That’s a question I get a lot when the topic comes to bebehs (which is cropping up pretty often since I’m now in my mid 20s). My answer is always a resounding no – but society can’t seem to stop telling me what to do with my own life.
“You’re just not ready yet. You’ll come around”
Or: “You’ll regret it when you’re older and there’s nobody to take care of you.”
Or:“Your life as a woman is not complete until you’ve experienced the joys of motherhood.”
To point 1: I felt the same way about babies as I did when I was 10 (annoying things), when I was 16 (annoying things) and when I was 21 (annoying things) – so I doubt there’d be a sudden change of heart. Some people love children, but I’ve never been comfortable with them. Some people are born with maternal instincts for kids. I was born with a maternal instinct for cats.
To point 2: That’s kind of a shaky investment, innit? Some children don’t even visit their parents once they’ve left the nest – there’s no guarantee that they’ll take care of you. Which is why I’m working hard so I don’t have to rely on my ‘kids’ to take care of me when I’m decrepit. It’s easier when you don’t have to blow like half a million in raising a child and saving for their college fees.
To point 3: I beg to differ. I’ve seen enough friends and colleagues to know that mothers look like perpetual zombies – especially those with new babies. The modern mother usually juggles work, kids and household chores – which is incredible, in my opinion. Maybe the joy you feel when your kid takes their first step makes you forget all the pain you suffered. It’s just not something I want to put myself through.

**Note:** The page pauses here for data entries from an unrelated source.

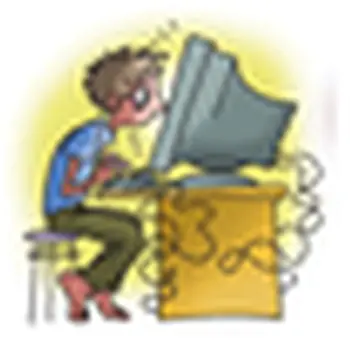Profile image of Bang Byeong-jun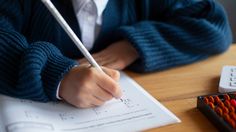 Tak Sekadar Ujian, TKA Jadi Ajang Kemandirian Siswa Berkebutuhan Khusus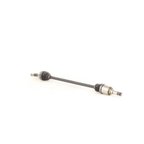 TrakMotive FD-8334 CV Axle Shaft - Rear Right - view 3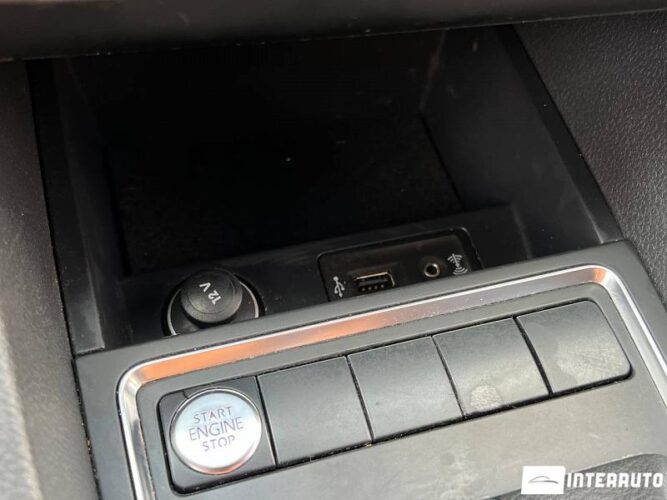Volkswagen Jetta 40 volkswagen Jetta 2015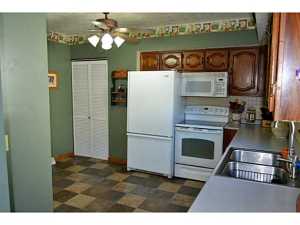 1322 E Walnut St, Lancaster, OH 43130 photo 5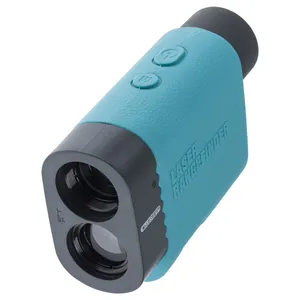 فاصله یاب لیزری مایلسی مدل PF3-800m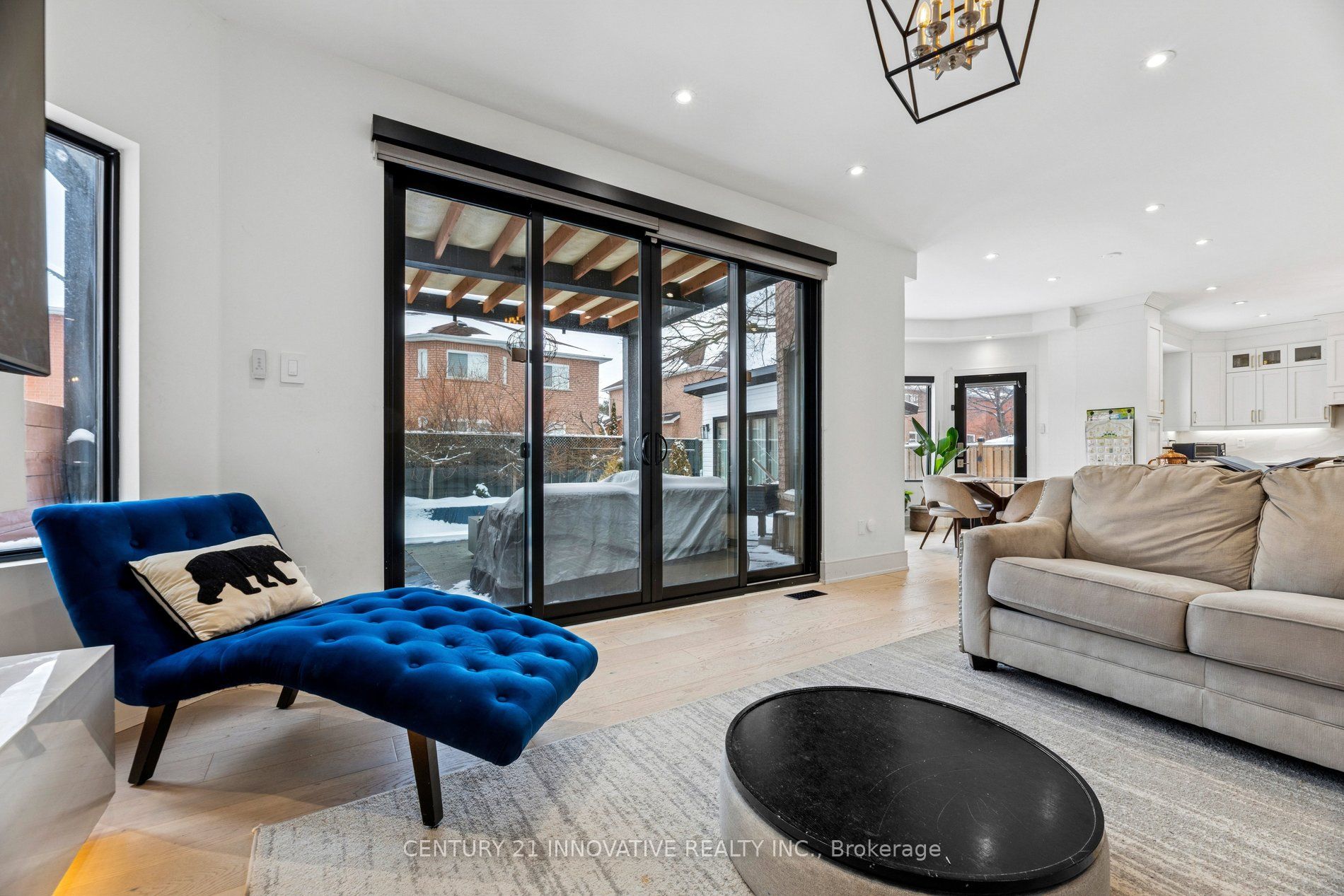 6 Devonridge Crescent Property Photo 21
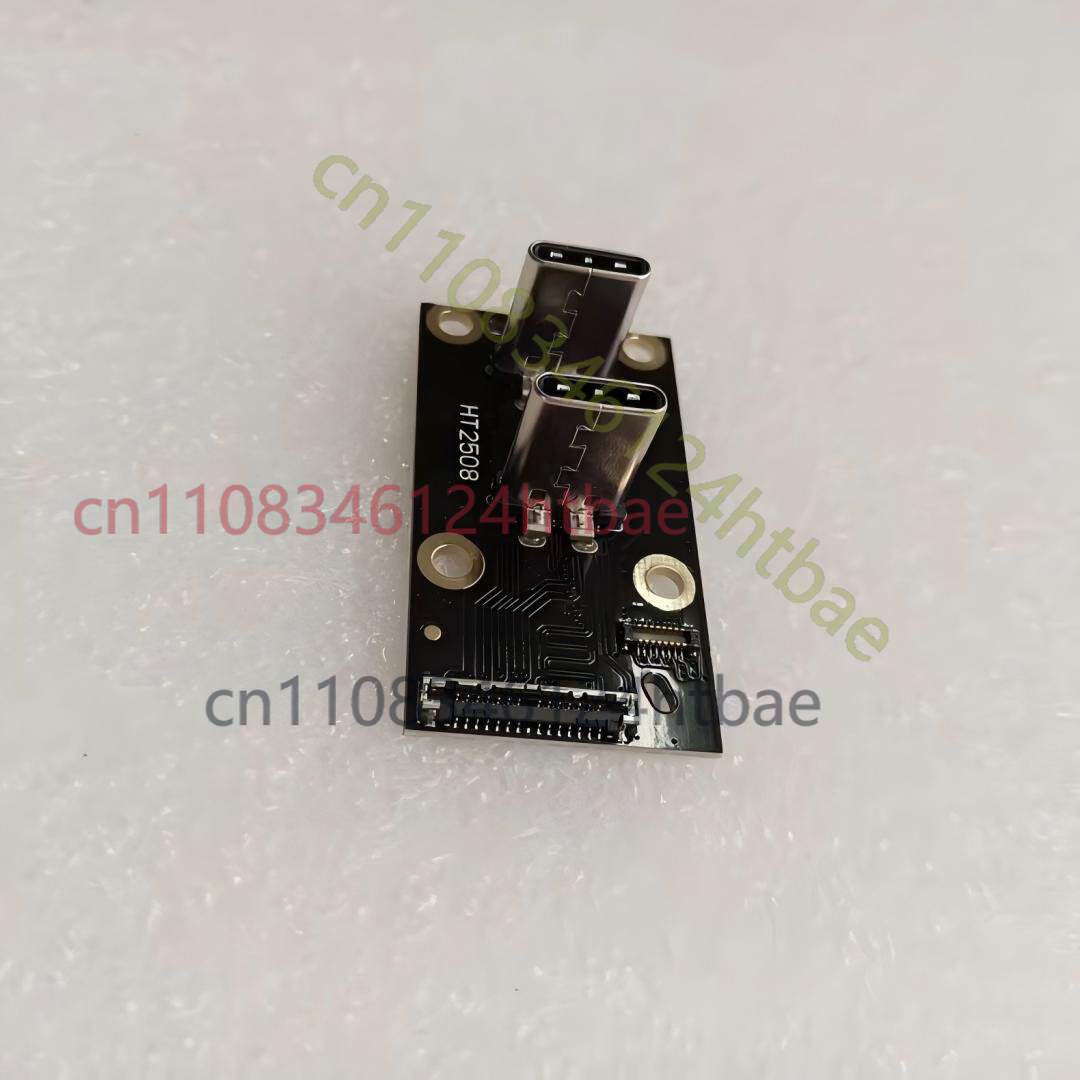 Placa Base para Cámara FPV DJI - Drone Camera Professional reseña y precio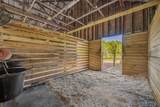 430 Cypress Isles Road - Photo 38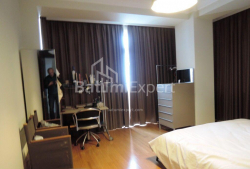 דירה 4-комн 180 m² - איליה צ'בצ'וואדזה, Batumi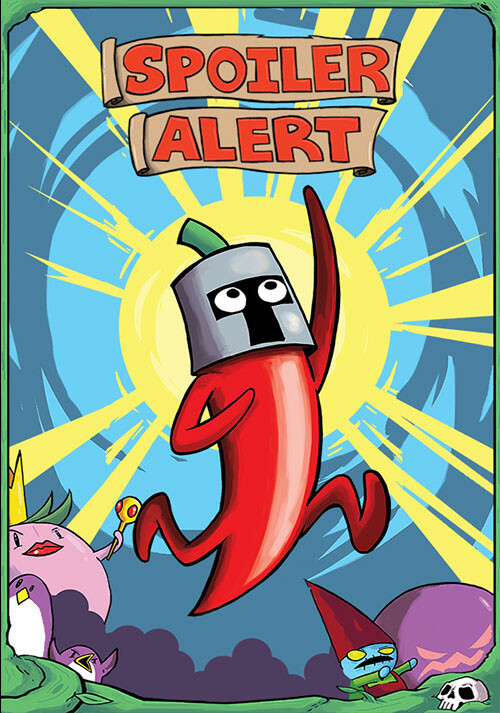 d03c16b2-cdba-698c-08d3-84ef2294f1cd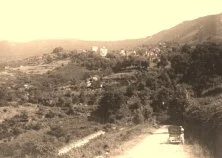 V0276 - Calcatoggio, Corse, 19 juillet 1910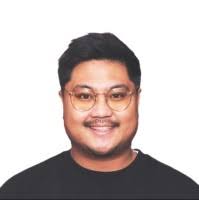 100+ "Cortes-jr" profiles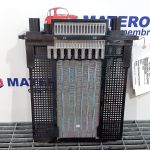 Radiator incalzire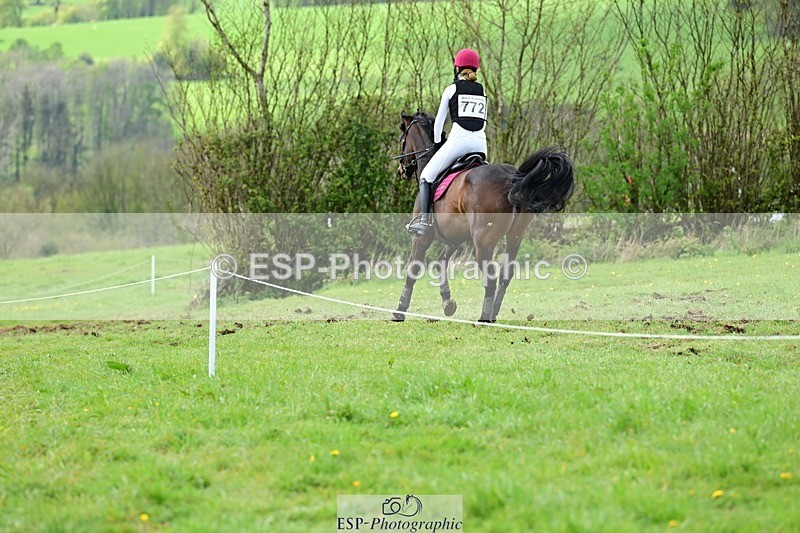 260419-142720-14543 - P-772-Eva.Rishworth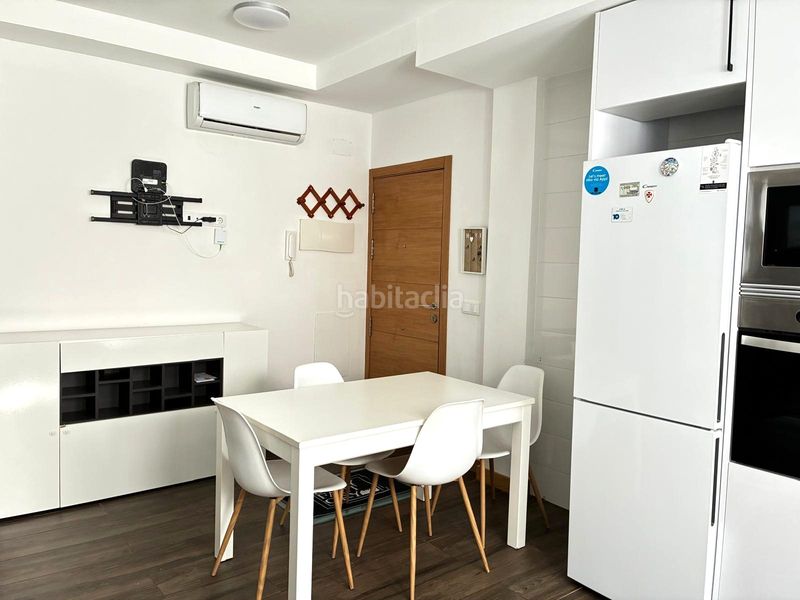 Foto 0c29df7a-ad67-4e7c-aff3-691545561033. Pis a Pinar del Rey Madrid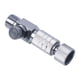 thumbnail image 4 of Adaptador De Aerógrafo Manguera De Aerógrafo Para Conector Rápido De Presión De Cepillo De Aire, 4 of 5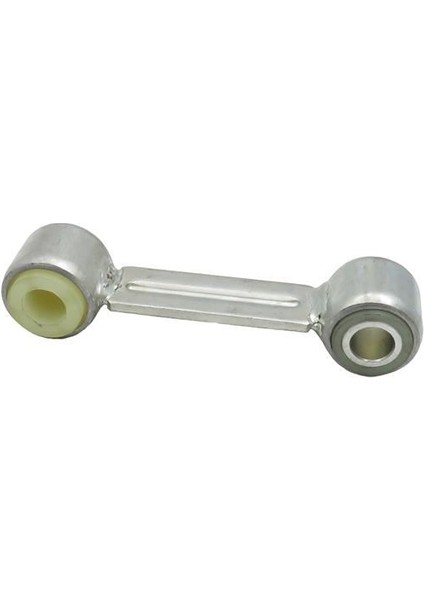 627004 - Z-Rot Arka Iveco-Daıly IV-2006-2011-
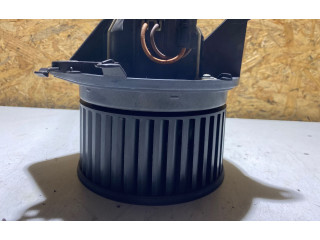 Вентилятор печки Mini One - Cooper R50 - 53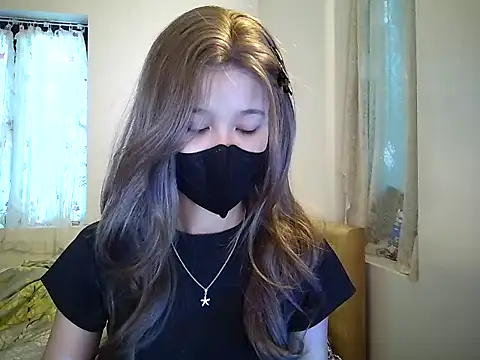 thithi8369 online show from 11-06-25, 04:27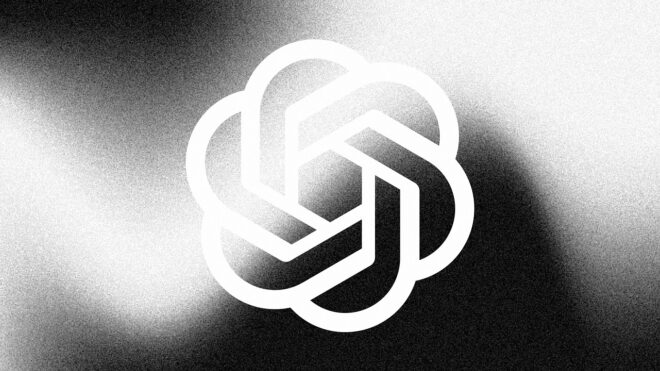 openai chatgptnin insanlari intihara surukledigini iddia eden yedi farkli dava ile karsi karsiya 660x371 1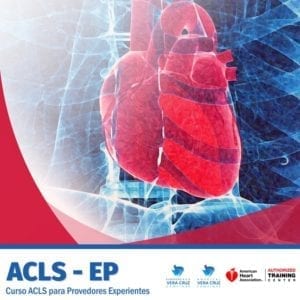 FRRB - ACLS EP - imagem compra curso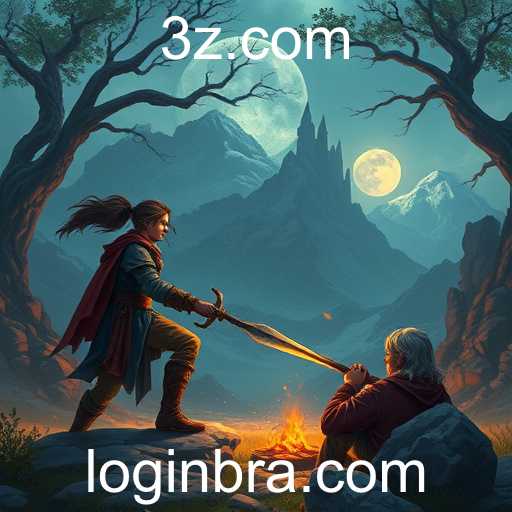 Revolução no Mercado Brasileiro de Jogos: Inovações e Desafios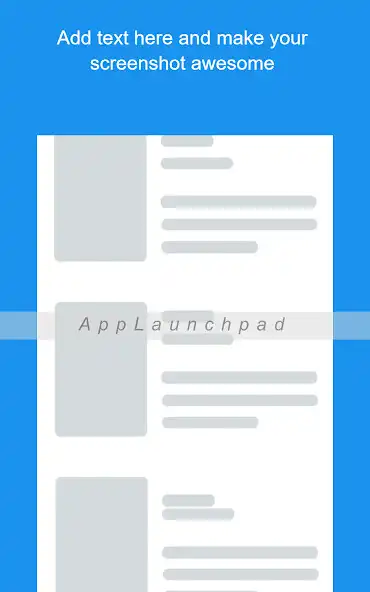 Play Himpik - Vendor as an online game Himpik - Vendor with UptoPlay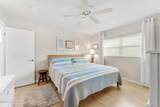 125 Sherwood Avenue - Photo 35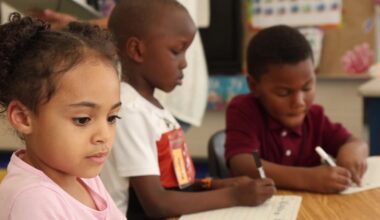 Sounding out success: Early help for struggling readers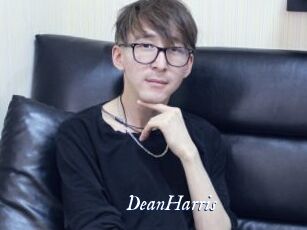 DeanHarris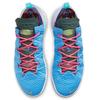 Nike LeBron 18 'Best Of 1 9' Sneakers DM2813-400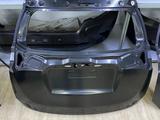 Крышка багажника Toyota Rav4 за 380 000 тг. в Астана
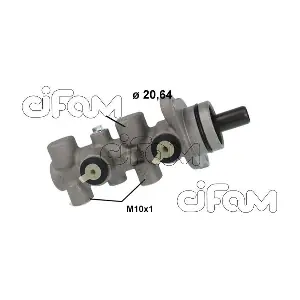 202-1179 CIFAM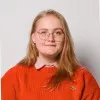 Maria Zaratuichenko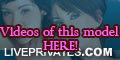AbbeyMolly PRIVATE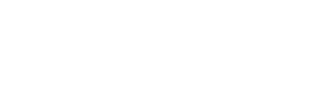 Assetto logo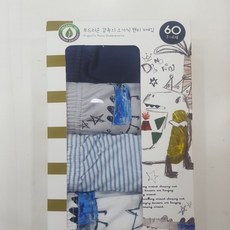 63415012779f6cd71bfcb5c02ca7225d36d983beaa644320422582847f8c.jpg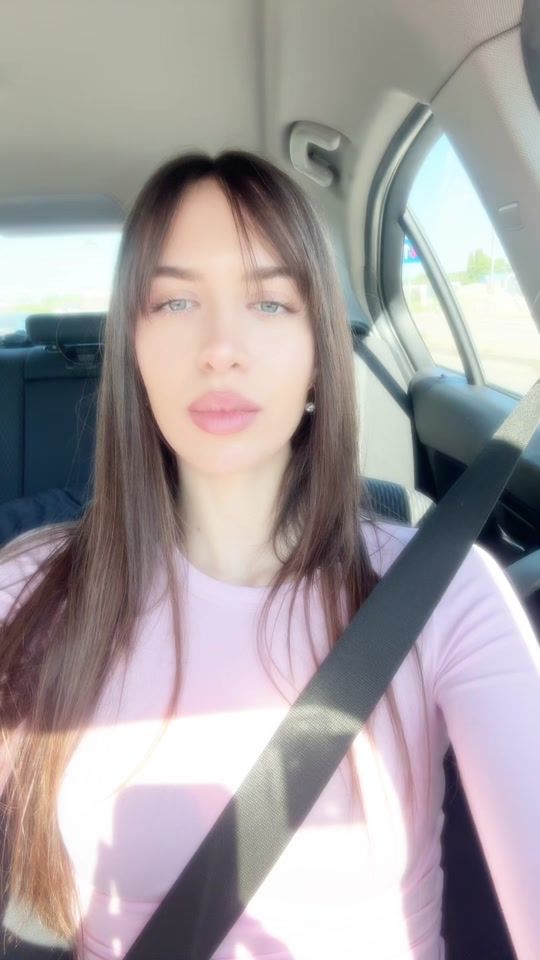 TikTok video thumbnail by ssheil.aa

I don’t deny mothers sacrifice a lot for their children. Their dreams, their hopes, their time, sometimes even their wellbeing. I think it’s amazing, their capacity for love. But if I’m not 100% sure that I can love my own child that way, why even bring one into my life just because society tells me ‘its what life is about’? Life is not just about getting married, having babies, growing old and dying. If it is your choice, so be it. But life can be about so much more.